## Provided entries
== Segment start ==

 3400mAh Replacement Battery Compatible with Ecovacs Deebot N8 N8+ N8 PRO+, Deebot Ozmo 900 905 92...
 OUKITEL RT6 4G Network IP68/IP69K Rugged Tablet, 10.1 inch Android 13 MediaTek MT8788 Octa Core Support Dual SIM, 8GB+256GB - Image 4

== Segment end ==
== Segment start ==

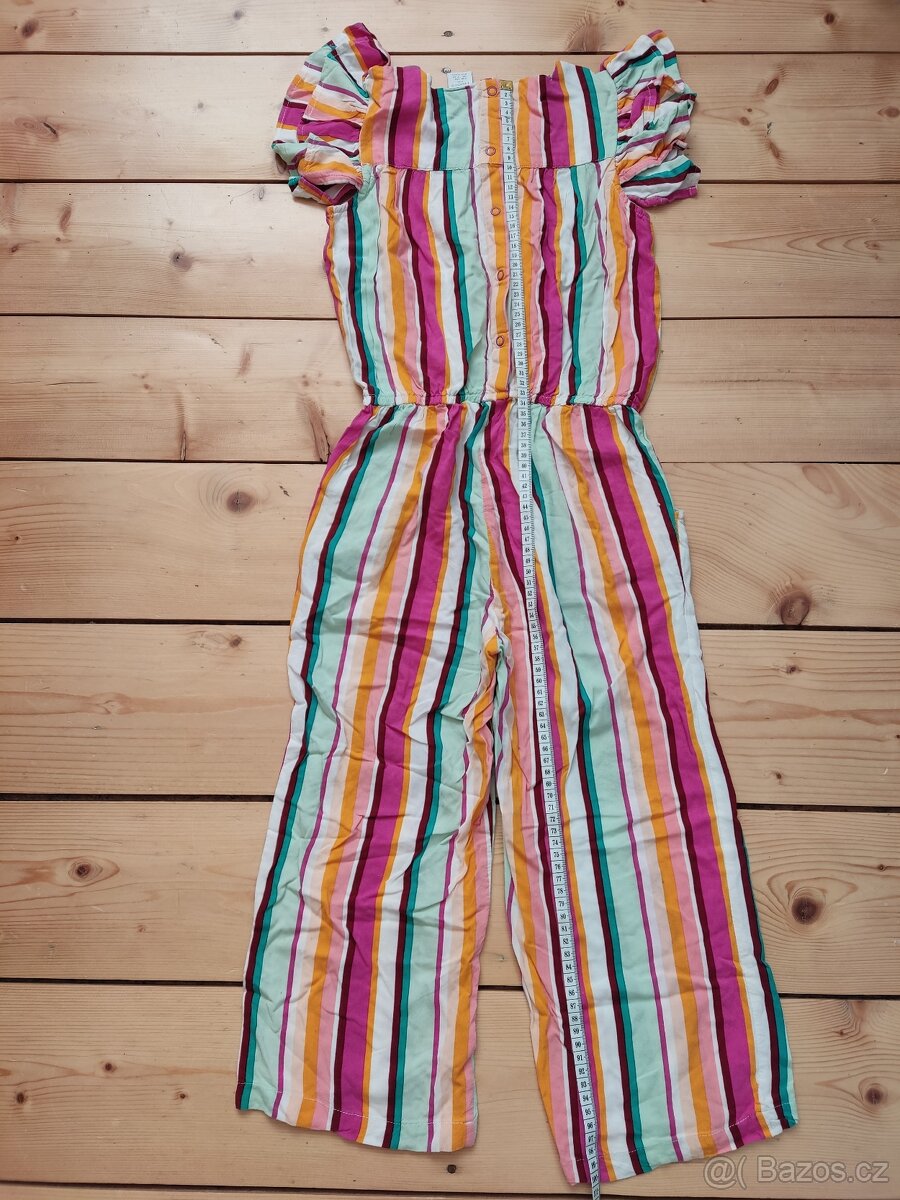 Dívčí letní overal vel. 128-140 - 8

== Segment end ==
== Segment start ==

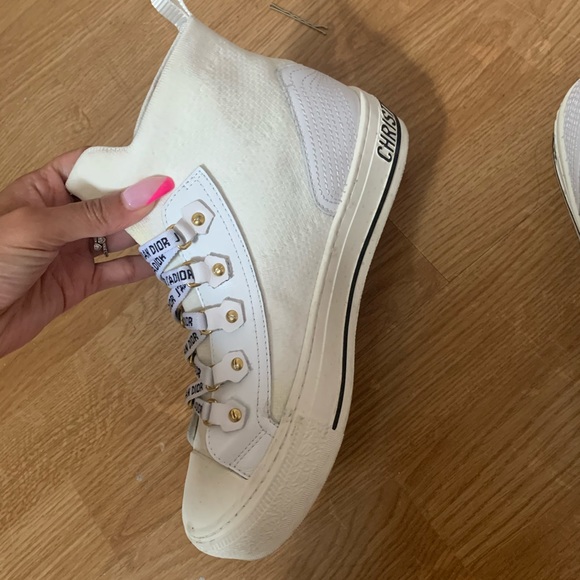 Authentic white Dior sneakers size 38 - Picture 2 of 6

== Segment end ==

## Task statement
Print again the lines of the entries above that fall between the line holding "3400mAh Replacement Battery" and the line holding "OUKITEL RT6 4G", inclusive, exactly as they stand.

## Exercise output
 3400mAh Replacement Battery Compatible with Ecovacs Deebot N8 N8+ N8 PRO+, Deebot Ozmo 900 905 92...
 OUKITEL RT6 4G Network IP68/IP69K Rugged Tablet, 10.1 inch Android 13 MediaTek MT8788 Octa Core Support Dual SIM, 8GB+256GB - Image 4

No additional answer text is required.